The third chapter delivers a reassessment of the cult of Charlemagne from his death in 814 to Frederick Barbarossa’s accession in 1152. The use of local Aquensian and regional Lotharingian material shows that the widely known developments of the memory of Charlemagne had a particular regional and unique local tendency. Sulovsky’s focus in this chapter is on the Karlsdekret, a forgery pretending to be Charlemagne’s foundation charter for the city and convent of Aachen. Where historians previously dated it to before about 1147, Sulovsky affirms that the forged seal of Charlemagne, the Karlssiegel, which dates to the late 1120s, must have been impressed on the original copy of the forgery. Thus, the forgery was an imitation of an imperial charter, and it was designed to impress Lothar III in 1127. This small find redates and reshapes all of what we know about the rise of the cult of Charlemagne in crusade-era Europe. Aachen had a particular stake in shaping the memory of its most famous patron, but it also wielded an influence over it as it contained his tomb.
In the fourth chapter, Sulovsky turns to the supposedly imperial saints’ cults of the 1160s: the Three Kings and Saint Charlemagne. The chapter demonstrates that the cult of the Magi was unconnected to the emperor. Rather, the agency of Rainald of Dassel in bringing the Magi to Cologne was related to his personal suffering from the Milanese while he was imperial legate in their city on the eve of Epiphany (= Three Kings’ Day). As this was liturgically already the vigils of Epiphany, and as Rainald was trapped in the imperial palace next to the saintly bodies before he barely escaped, he translated the Magi to honour his protectors. This debunks the Kulturkampf-inspired theory that the purpose of worshipping the holy kings who adored Christ long before the apostles were called would help achieve a sacral independence of the Empire from the Papacy. On the other hand, the cult of Saint Charlemagne is shown to have been accepted at the imperial court as a part of a plan to mend the Alexandrine schism by launching an Anglo-Franco-German crusade, which was thought of as an imitation of Charlemagne’s exploits in the east.

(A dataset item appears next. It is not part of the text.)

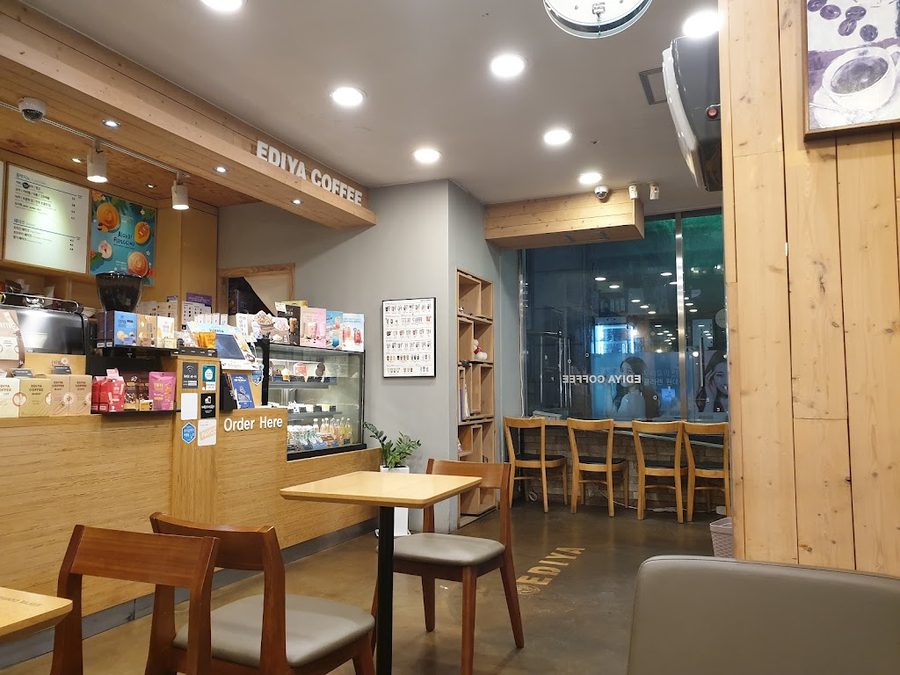 이디야커피 서울여대점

The penultimate chapter is about the reliquary shrine of Saint Charlemagne known as the Karlsschrein. It explores both the political and the religious significance of the monument and how the local convent, the city and the imperial court all participated in its making. By delving deep into the history of Aachen and its surrounding region, the ex-Kingdom of Lotharingia, Sulovsky shows how every single inconsistency was deliberately chosen to make a political or religious point. Thus, where previous scholars only focused on the major figures on the shrine, this book presents dozens of overlooked depictions both of symbolic animals and of humans, including representations of the local community. Moreover, where scholars struggled to find an exact purpose for the shrine’s appearance, the author makes it clear that the papal–imperial negotiations for the introduction of hereditary monarchy served as the foundation for the new vision of the Holy Roman Empire. Indeed, the Karlsschrein is shown to refer not only to Charlemagne’s foundation of the city and church of Aachen, and also of the Empire, but to the centuries-long papal–imperial alliance.